Multiple lines of evidence support divergence of C. artedi and C. kiyi
The forms that showed the highest levels of divergence across all measured traits were the shallow water C. artedi and the deep-water C. kiyi. One of the most striking morphological differences between the two is the size of the eye, which is much larger in C. kiyi relative to the rest of their bodies (Table 1). Genetic differences were also associated with vision, as two highly divergent genes between the two species were Rhodopsin (RHO; Fst=0.86) and Homeodomain-interacting protein kinase 2 (HIPK2; Fst=0.55). Rhodopsin is a key photoreceptor in low light conditions, and differences in this gene have been previously reported for the two species (Eaton et al., 2020), as well as for other lineages exposed to dim-lit environments (Hill et al., 2019; Musilova et al., 2019; Schott, Refvik, Hauser, López-Fernández, & Chang, 2014). Homeodomain-interacting protein kinase 2 is associated with tissue growth during development, including eye size and lens formation in mice (Inoue et al., 2010; Poon, Zhang, Lin, Manning, & Harvey, 2012). Additional loci that were highly differentiated between C. artedi and C. kiyi include: Insulin Growth Factor 1 Receptor (IGRF1; Fst=0.87) which is essential for embryonic growth and cell proliferation of vertebrates (Schlueter, Peng, Westerfield, & Duan, 2007); Plasminogen Activator (PLAT; Fst=0.73), associated with tissue formation and modification in fishes (Bader, et al. 2012); Dystroglycan (DAG1; Fst=0.62) which has many functions including muscle development in zebrafish (Parsons, Campos, Hirst, & Stemple, 2002); and cAMP-responsive element modulator (CREM; Fst=0.62) important for neurogenesis and neuro-plasticity of vertebrates (Mioduszewska, Jaworski, & Kaczmarek, 2003). These are candidate genes that could exhibit adaptive genetic variants associated with habitat preferences of the two species, and the morphological differences found between them.
The PCL/PPD and PVL/PAD ratios were also considerably smaller in C. artedi compared to C. kiyi. Previous studies suggest that this is a convergent adaptation across lacustrine fishes, where large bodies and smaller fins provide advantages for maintaining buoyancy in pelagic environments with little swimming (i.e., C. artedi), while small bodies with longer fins favor swimming at depth (C. kiyi; Eshenroder, Sideleva, & Todd, 1999). Overall, the results from our study suggest concordance between morphological, genetic, and ecological differences for a shallow-water pelagic species (C. artedi) and the deep-water species (C. kiyi). Future studies are needed to confirm if there is a relationship between the aforementioned genes and morphological and ecological differences detected among the groups.
Lack of differentiation between C. zenithicus and C. hoyi
One of the revealing findings of our study was the limited differentiation between samples initially identified as C. zenithicus and C. hoyi. At first sight, the isotopic analysis suggests C. hoyi are obtaining more nutrition from the benthic zone, but this signal could be confounded by seasonal variation. Further, samples identified as C. zenithicus and C. hoyi showed no significant differences in the overall Fst, and the f3-statistic indicated rampant admixture between the two taxa. Still, the pairwise comparisons of locus specific Fst showed differentiation for genes associated with nerve growth and neural development (Spectrin Beta Non-Erythrocytic 2, Fst=0.54; Growth Associated Protein 43, Fst=0.47; Benowitz & Routtenberg, 1997; Lise et al., 2012), as well as cell proliferation in vertebrates (Tensin 2; Fst=0.49; Hafizi, Ibraimi & Dahbäck, 2005). These highly differentiated loci did not influence the low overall Fst as they represent a very small proportion of the sampled loci. Future studies across populations of C. hoyi and C. zenithicus are necessary to understand the full extent of the genomic divergence between the two species.

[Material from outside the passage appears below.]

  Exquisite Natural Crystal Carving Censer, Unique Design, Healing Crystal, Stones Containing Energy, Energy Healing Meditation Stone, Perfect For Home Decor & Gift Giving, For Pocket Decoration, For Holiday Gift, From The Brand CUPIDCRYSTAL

The key phenotypic traits used in our study to distinguish C. zenithicus and C. hoyi were lower jaw position (C. zenithicus: included or terminal; C. hoyi: extended) and gill raker counts (C. zenithicus mean ± SD = 39.5 ± 2.3; C. hoyi = 42.4 ± 2.1; Eshenroder et al., 2016), both of which are commonly used in the field to identify these species. Previous studies also suggest that both species can be differentiated through pre-maxilla angle, which are ~40° for C. hoyi, and between 60°-65° for C. zenithicus (Eshenroder et al., 2016). The range of pre-maxillary angles for our samples was on average 35.88° (SD ±4.05) for C. hoyi, and 35.52° (SD ±3.14) for C. zenithicus. Thus, it is possible that we did not collect samples of C. zenithicus in our study and that all three measurements (i.e., lower jaw position, gill raker morphology, and pre-maxillary angles) should be employed when differentiating the two species.

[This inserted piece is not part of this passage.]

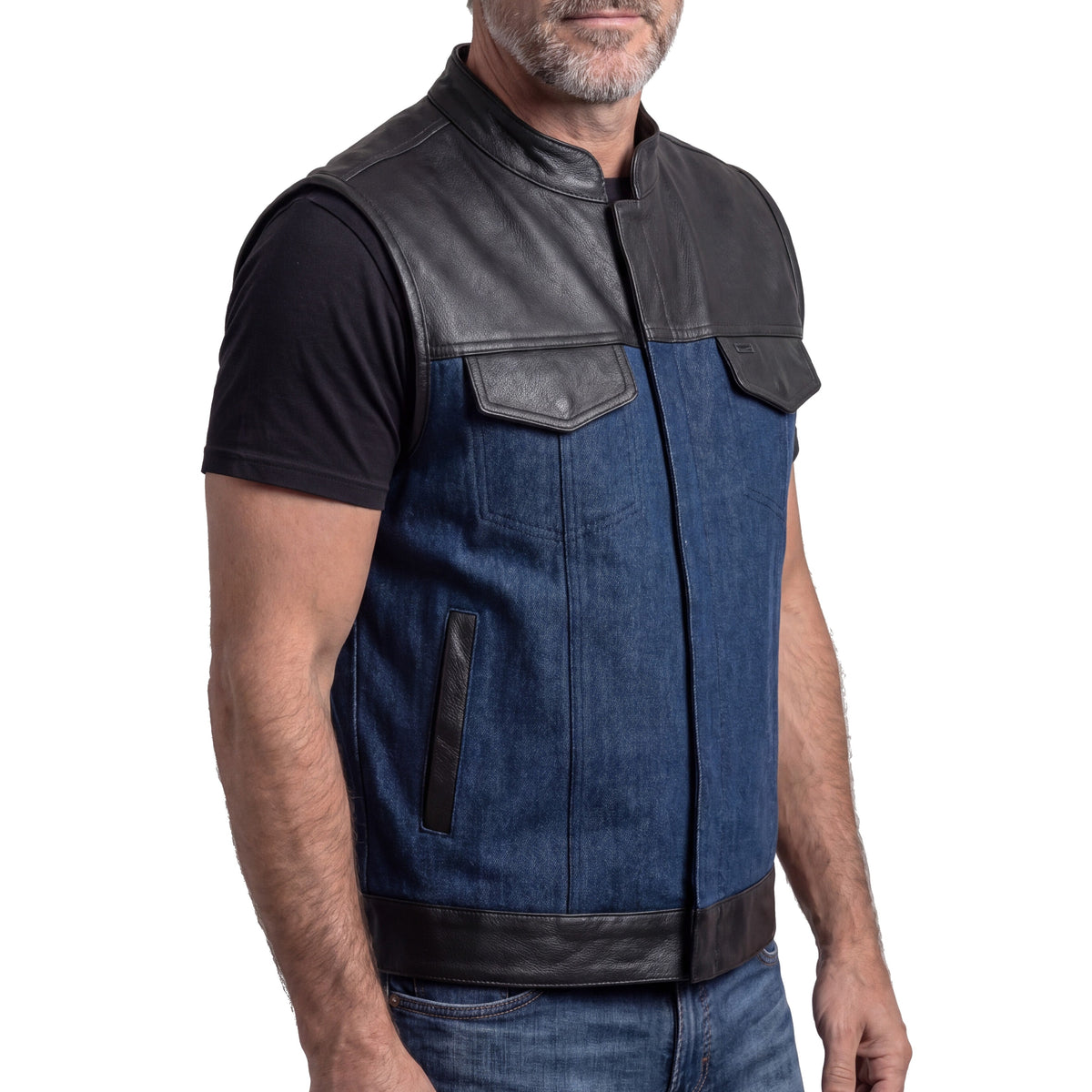 Mens Blue Motorcycle Denim Vest SOA Club Vest with Leather trims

Alternatively, it is possible that these two taxa are now forming a hybrid-swarm that is morphologically and genetically very similar in certain areas of the Great Lakes. This hypothesis stems from the recent collapse of C. zenithicus in Lake Superior. Koelz (1929) reported that C. zenithicus was the dominant deep-water cisco in Lake Superior in 1921-1922 representing 90% of the ciscoes caught in bottom set gillnets (Eshenroder et al., 2016). By 2001-2003 they represented only 4% of ciscoes caught in nearshore and offshore bottom trawl samples (Gorman & Todd 2007). Declines in C. zenithicus abundance, coupled with the propensity for C. hoyi to expand into areas previously occupied by other deep species (Bronte et al., 2010; Bunnell et al., 2012), could have promoted hybridization. In our study, we also show evidence of admixture between 1 or 2 individuals C. hoyi and C. kiyi, as well as C. zenithicus and C. artedi. Previous studies have demonstrated that hybridization is possible between closely related coregonines in both North America and Europe (Hudson, LundsgaardLHansen, Lucek, Vonlanthen, & Seehausen, 2017; Hudson, Vonlanthen, & Seehausen, 2011; Kirtiklis & Jankun, 2006; Todd & Stedman, 1989), and successful crosses of C. artedi and C. hoyi have been made in captivity (W. Stott, personal communication). Further, hybridization has been suggested as one of the drivers of morphological changes in C. hoyi in Lake Huron after the decline of other species in the complex (Todd & Stedman, 1989). This scenario of speciation reversal in C. zenithicus, where morphological diversity could have been lost due to both human-mediated stressors and admixture with closely related species, could represent an example of how commercially and ecologically relevant lineages have been lost in recent decades. It remains to be determined if other populations of C. zenithicus and C. hoyi in Lake Superior are also admixed, given the limited number of samples included in the present study. This is especially relevant considering previous surveys have reported finding phenotypically distinct C. zenithicus in Canadian waters of Lake Superior (Pratt & Chong, 2012; Pratt, 2012).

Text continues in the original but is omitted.